A great win from a steadily improving team has the Gophers set for some potentially big things. We cover a different Gopher team, a great defense, a steadily improving Moose, baffling flags, and insufferable jNW fans. Oh and I also take back all those bad things I ever said about Issac Fruechte.

Jesse Johnson-USA TODAY Sports


I'm stealing this from Frothy Gopher (follow him @FrothyGopher on the Twitter), but he's so right I can't not say it- Saturday was a game Minnesota usually lost in the past. As a Gopher fan, I kept waiting for it to happen, almost an inevitability that they would blow this game only because it had happened so many times before. When they had to settle for a field goal inside the 10 at the start of the fourth quarter which only put them up 17-10 instead of a 20-10 cushion, I had already started playing out the scenario in my mind. Northwestern will tie it up at 17, and win 24-17 in the most excruciating way possible. Something like, oh I don't know, a pick-six to lose right at the end of the game. Not like that had ever happened before. jNW even set us up for the let-down by fumbling the ensuing kickoff out of bounds at their own three. Then came the 13 play scoring drive with the overturned third down incompletion that became a completion and then the worst call of the day with the phantom RTP penalty, followed by a nuclear meltdown from Kill.
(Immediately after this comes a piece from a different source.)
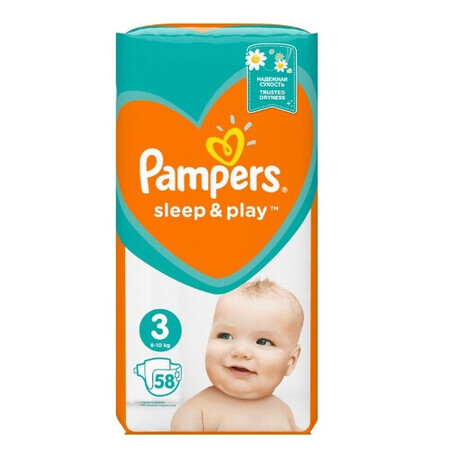 Pampers Sleep amp; Play Scutece mărimea 3 (6-10kg), 58 buc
And that was it. 17-17, all the momentum and good vibes with the Wildcats, a heart-breaking loss now all but inevitable and worst of all, we'd have to listen to those f***ing jNW fans gloat all week about how right they were (more on them in a minute). Instead, Jalen Myrick gets some great blocking, finds the seam, and houses the kickoff 100 yards for the go-ahead score. The defense went back into shut down mode (the Gopher offense may have also gone into shut down mode a little early) and Minnesota pulled off the victory.

That just wouldn't have happened to previous teams, but as we seem to be finding, this Gopher team is not like the others. Far from perfect and plenty to improve upon but they're 5-1 overall and 2-0 in the Big Ten and what's more, they've proven they're tough and resilient and don't wilt when things go against them. Kind of like their head coach.
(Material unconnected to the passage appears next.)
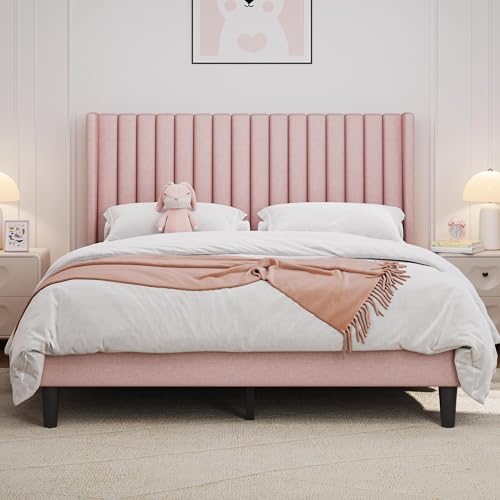 Yaheetech Queen Bed Frame with Headboard,Pink Channel-Tufted Platform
We're "picking nits" at this point with the defense. You do realize that, right? Who cares if the Gopher corners gave up some back shoulder throws to jNW? The Gophers scheme, which Matt has detailed before, trusts Murray and BBC- and especially Murray- to play man on the outside, and it would appear in Claeys man-to-man schemes the DBs are taught to faceguard the receivers (because it's legal in college ball but not in the pros) as a better way of defending just about every type of route except one- the back-shoulder throw. Why? Because it's not only one of the most difficult throws to make in the sport, it's one that when thrown correctly vs man defense is almost impossible to stop. In the NFL pro defenses are as good as it gets yet when a Brees or Manning or Rodgers puts it perfectly on his receiver's back shoulder, it's an indefensible play. In college, and especially in the B1G, you're going to play one or two QB's a year who can make that throw even remotely consistently. TCU was one with Boykins who did pretty well with it, and Siemien did it on a few throws for jNW. That's one of the top offenses in the entire country in TCU and a team in Northwestern who you beat and held to just 17 points. With all the other things using your DB's like that in man coverage allows Claeys to do, you take that trade-off everytime.  
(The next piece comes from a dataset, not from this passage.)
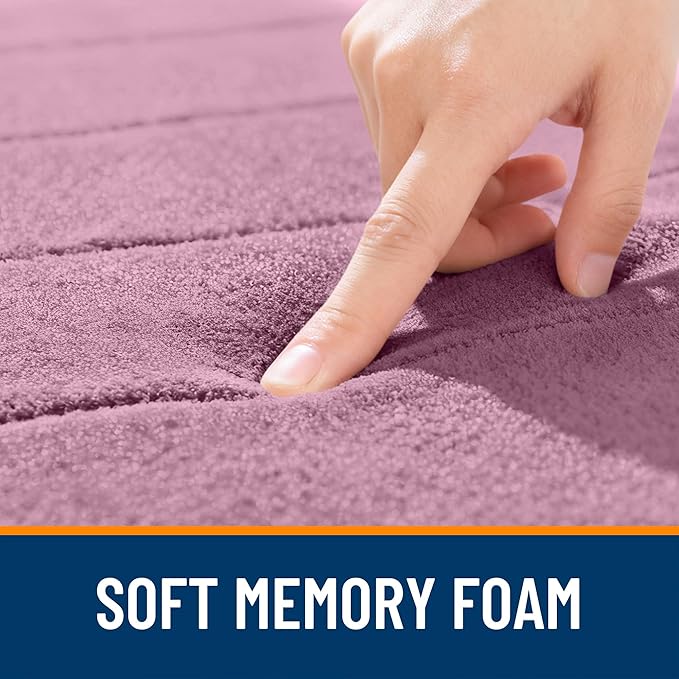 OLANLY Memory Foam Long Bathroom Rugs Runner 47x20, Super Soft Absorbent Bath Mat, Quick Dry, Machine Washable Shower Floor Rugs, Bathmat Carpet, Bathroom Home Decor Accessories, Deep Plum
It's not to say this defense is without fault or at a Michigan State or elite-SEC level of defense (the third down convergence rate needs work, for instance) but let's just appreciate this for what it is: a really good defense. Yes, their performance in the first half made vs Northwestern me nervous but Claeys made his usual half time adjustments, and things got better. I was so sure jNW had run all over the Gopher defense yet in the end finished with just 124 yards at 3.6 per carry, which is almost exactly their average for the season. And for as much as Northwestern moved the ball and outgained Minnesota, there are only two numbers that matter: 7 and 54. Seven is the amount of points the Wildcats scored in the second half. 54 is the number of plays they ran to do it! In total they ran 84 plays compared to Minnesota's 54, with 32 of the 84 coming in the fourth quarter alone. The Gophers shut them down completely in the third as Northwestern had the ball three times in the third quarter and punted three times.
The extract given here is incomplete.